Bettina Bien Greaves, a botany major, graduated from Wheaton College in the time of the Great Depression. During World War II she traveled in South America and Austria as a secretary for the Foreign Economic Administration. After the war, she remained for a year in Austria and witnessed the beginnings of the post-war revival in Europe.
Back in the United States, Bettina worked in a number of jobs before gravitating in 1951 to Leonard Read's Foundation for Economic Education—the educational institution that was a pioneering proselytizer of the ideas of liberty and which nourished and influenced many of the major advocates of liberty of this century. Her job there? "Reading, writing, and looking things up." For many years she gathered materials for high school and college debaters across the country. She is still on FEE's staff as a Resident Scholar, and also serves as Trustee.
Bettina has long been a thoughtful and determined champion of the work of Ludwig von Mises, the great Austrian-born economist (and leader of the so-called Austrian school of economics originated by Menger and Bohm-Bawerk). In the 50s and 60s she attended the famous Mises seminar in economic theory at New York University. She is the author of an authoritative two-volume Annotated Bibliography of works by and about Mises; has edited an anthology, Austrian Economics; and most recently, in 1998, edited the Mises collection Interventionism: An Economic Analysis.
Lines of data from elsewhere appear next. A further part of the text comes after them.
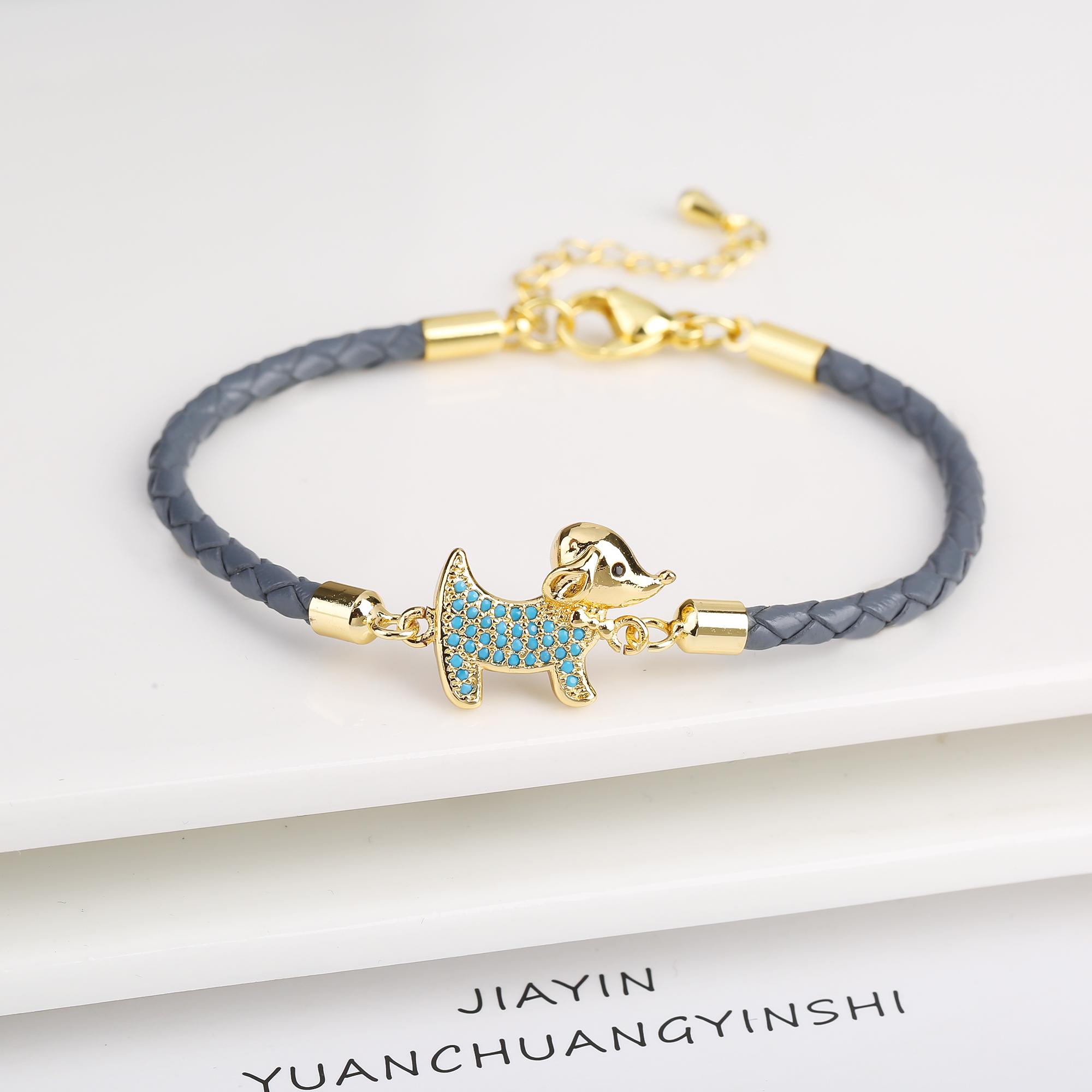 High Quality Zirconia Puppy Snake Elephant Cat Leopard Animal Theme Leather Rope Braided Bracelet for Man Woman Party Zircon
High Quality Zirconia Puppy Snake Elephant Cat Leopard Animal Theme Leather Rope Braided Bracelet for Man Woman Party Zircon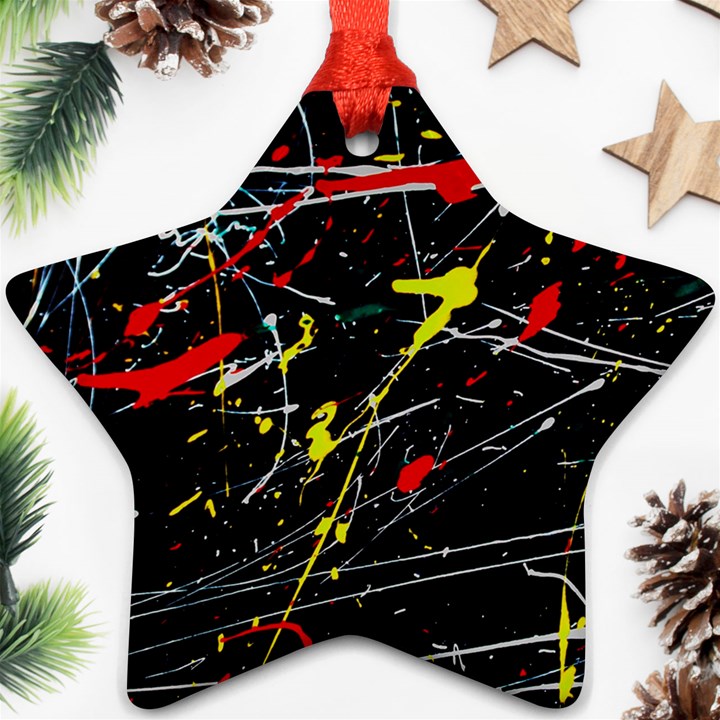 Random Paint Splats Background Star Ornament (Two Sides)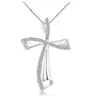 Pingente de Letra com Zircônia Cúbica Multicolor Incrustada Colar Feminino Pingente de Cruz Corrente para Clavícula Fashion Simples e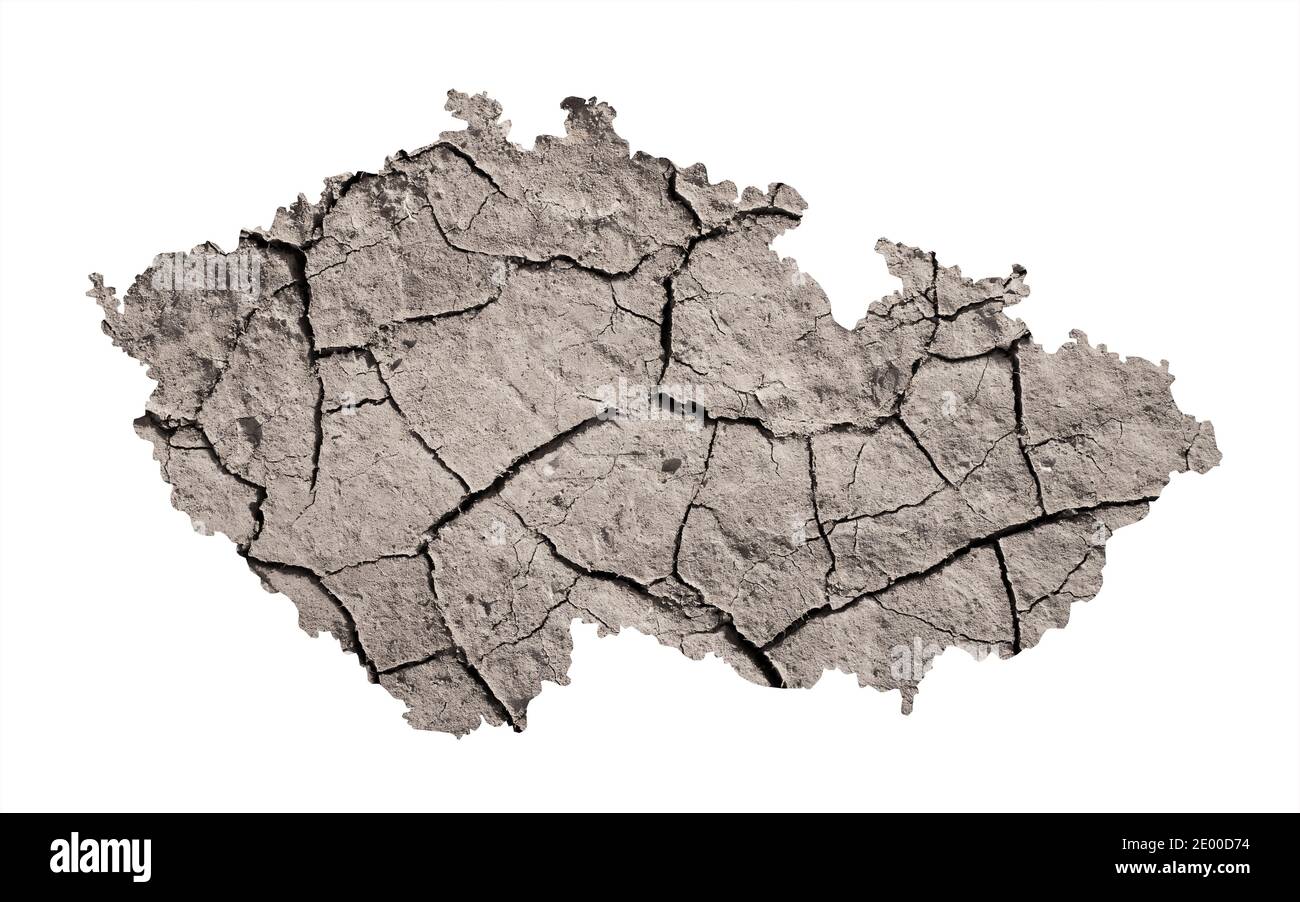 Silhouette della Repubblica Ceca. La mappa è realizzata con l'immagine di terra asciutta. Metafora di cambiamenti climatici catastrofici nella zona - siccità, dryland, desertifi Foto Stock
At present she is completing work on a manuscript of her late husband, Percy L. Greaves, dealing with the ongoing Pearl Harbor controversy, The Seeds and the Fruits of Infamy. She is also finishing an abridgment of Henry Hazlitt's The Foundations of Morality.
In addition to other honors, Bettina received the Thomas S. Szasz Award for Lifetime Achievement. Upon accepting the Award she suggested that whatever fame she may have achieved rests on the coattails of Ludwig von Mises. But it is clear, also, that the renown and reputation of Ludwig von Mises has more than a little to do with the unremitting labors of his loyal student and literary executor, Bettina Bien Greaves.